Рудаков. Поймите вы! Я предаю, слышите, я предаю вот этот город, кусок моего отечества.

Гипс. «Предаю» — это лирика. Давайте говорить сухим языком деловых людей. В какой стадии?

Рудаков. В той же.

Гипс. О чем позволите информировать правление?

Рудаков. Вы не знаете советской системы. Если сопротивление оказывает ведущая часть предприятия, если эта ведущая часть мобилизует рабочих, то тут мы нуль. Это уже не лирика. Дирекция со мной формально соглашается, но я же вижу, что это значит. Они протоколируют все заседания, они требуют письменных распоряжений — и все это подбирают. Это значит, что меня могут раскрыть, когда факты разойдутся с документами. Вот вам сухой язык, сэр.

Гипс. Что же вы предлагаете?

Рудаков. Я страшусь! Я сдаюсь дирекции. Я — за реконструкцию. Иначе уже нельзя. Но кредиты я закрыл. Понятно? Конечно, это чепуха! Реконструкцию могут сорвать инженеры. Только.

Гипс. Покупайте.

Рудаков. Кого?

Гипс. Я, например, нашел кого. О, какой у меня выработался слух! Мембрана… Я пошел, я гулял, пою… Гуд-бай!

Идет Глеб Орестович, поровнялся с фонарем, остановился, вглядывается в огонь. Гипс, бормоча ругательства, скрылся. Рудаков слушает.

Глеб Орестович. Что-то там толкует мне Евдоким?.. Нагрев, разогрев…

Рудаков. Глеб… температура сто двадцать…

Глеб Орестович. …восемь. Степашка, друг! Ты же умница, подлец!..

Рудаков. Глеб, ты выпил?

Глеб Орестович. Мы сейчас проверим. (Резко повернулся, идет.)

Рудаков. Гражданин лунатик!

Глеб Орестович. Что? (Остановился.)

Рудаков. У тебя у самого какая температура? Сто сорок восемь?

Глеб Орестович. А-а, ты… Не понимаю, чего ты шатаешься по ночам! У тебя бессонница?

Рудаков. А ты чего шатаешься по ночам? Влюбился?

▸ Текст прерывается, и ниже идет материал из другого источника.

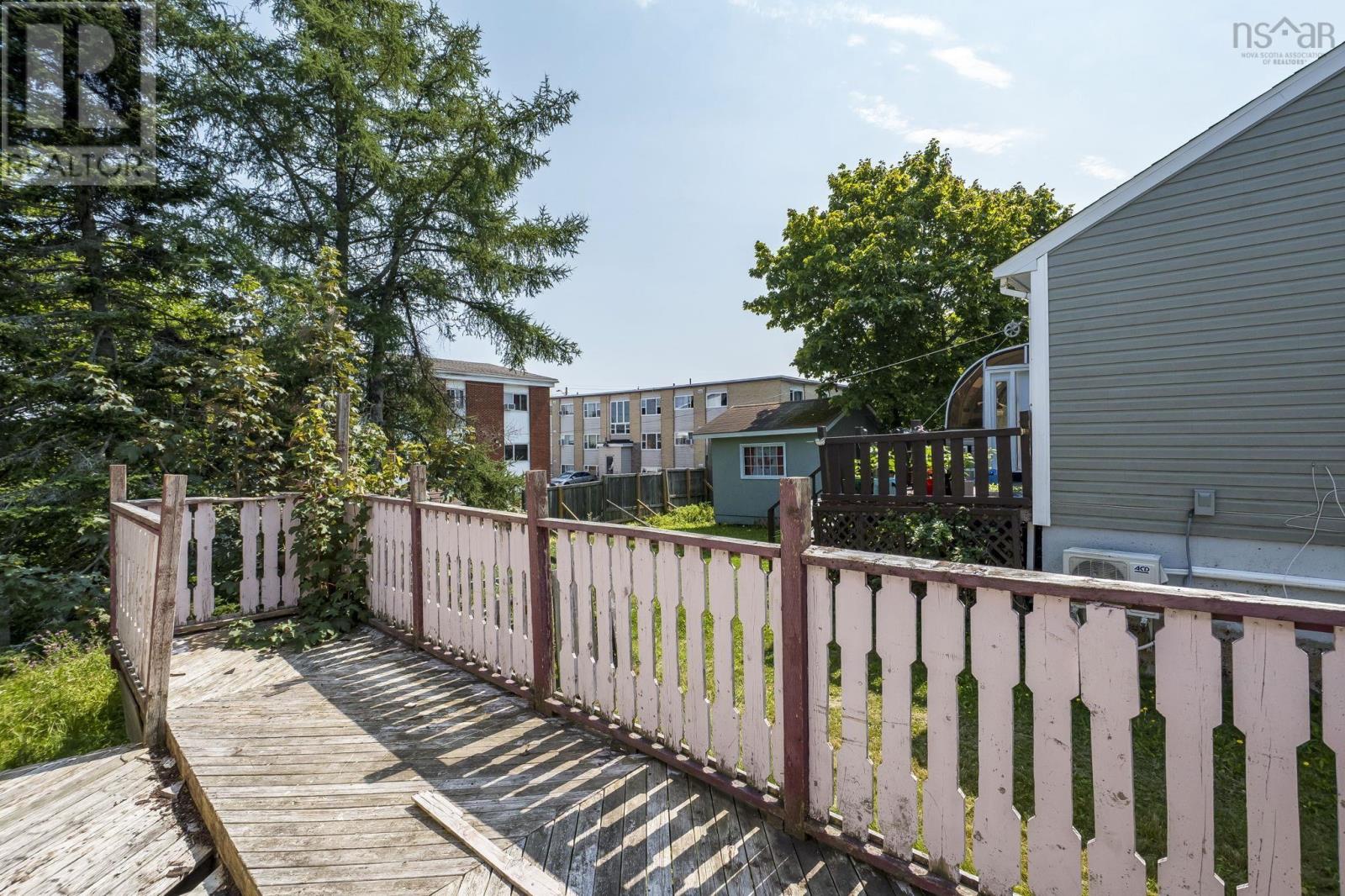 60 Thornhill Drive Property Photo 41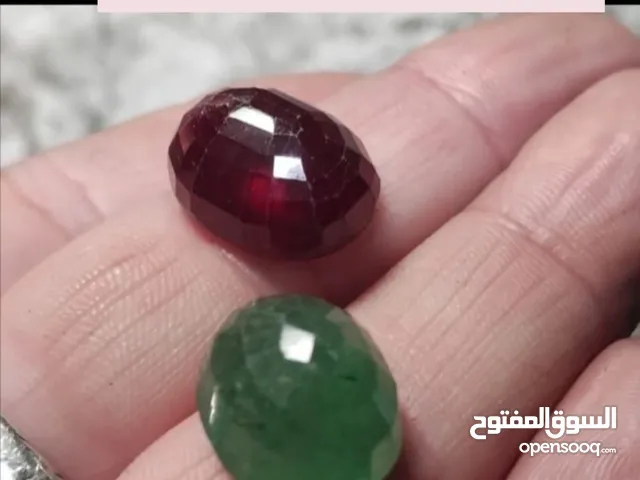 أحجار طبيعية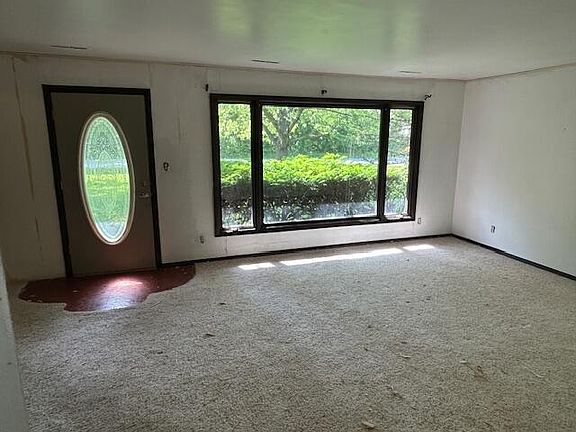 5th image of 12109 White Oak Dr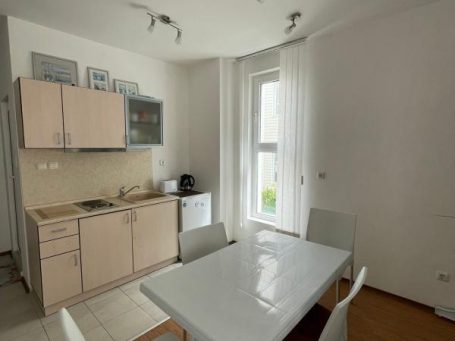 Id 456 Кухня, маса, столове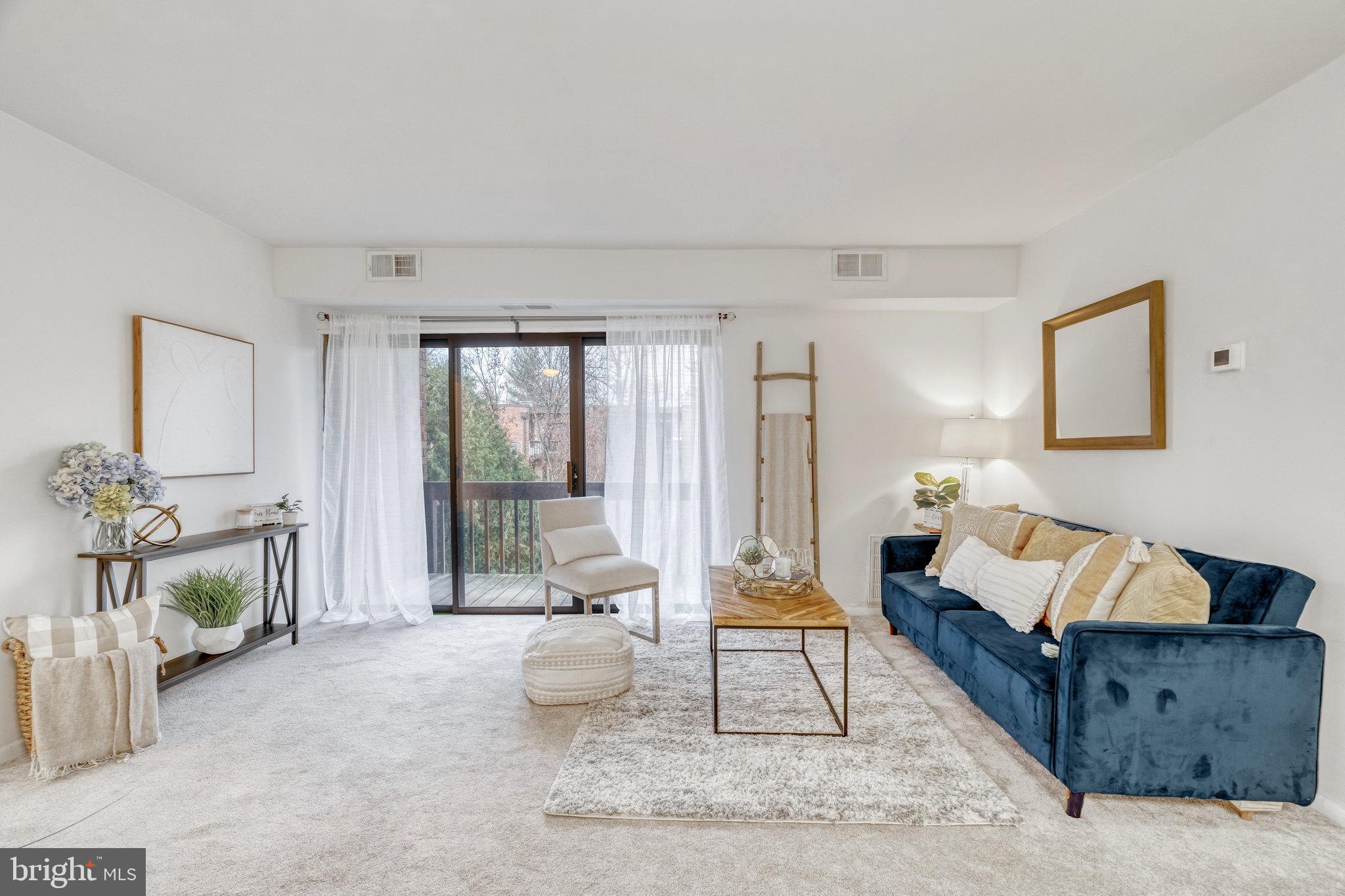 10720 W West DRIVE Unit: 303
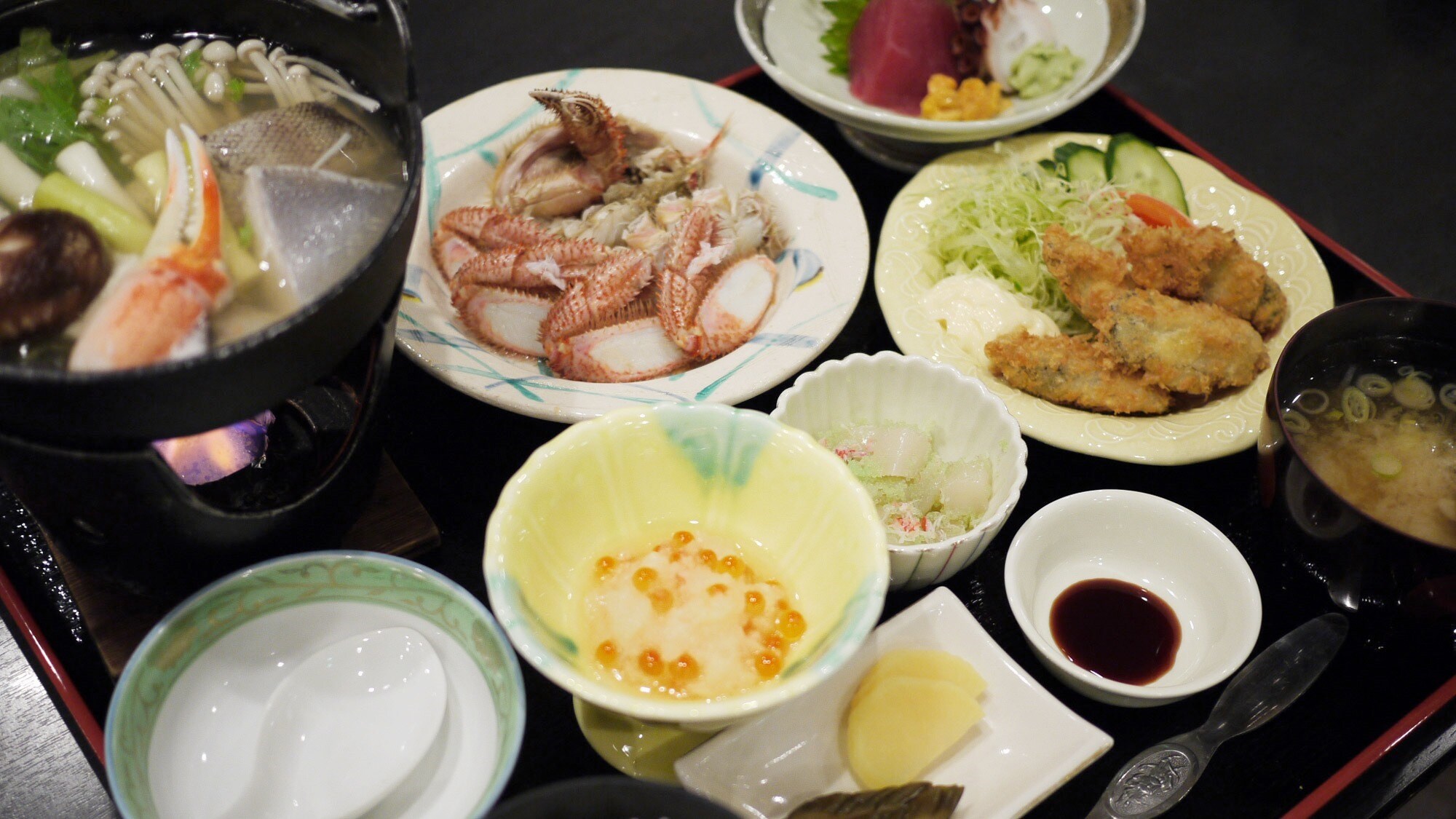 *Ví dụ về bữa tối: Thưởng thức hải sản Sanriku như cua lông và sashimi!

Глеб Орестович. У нас, брат, разные дела.

Рудаков. Именно, брат.

Глеб Орестович. Да, брат, все-таки побегу сейчас в лабораторию на завод. Надо.

Рудаков. Позволь, лунатик, ты откуда брел-то?

Глеб Орестович. С завода.

Рудаков. И опять…

Глеб Орестович. На завод. Рудаков, некогда, право!

Рудаков. Слушай, Орестович, брось-ка ты сейчас свой завод, выкинь на время из головы термические процессы, я имею для тебя разговор поважней твоих дел. Серьезно, милый… (Берет под руку.) Пойдем ко мне, поужинаем, и за стаканом вина…

Глеб Орестович. Оставь меня, Рудаков! Оставь лучше! А? Ты прости… Ты Кате вдолбил в голову какие-то сумасшедшие мысли. Не знаю, через тебя или через кого-то другого она встретилась с какими-то авантюристами… иностранцами…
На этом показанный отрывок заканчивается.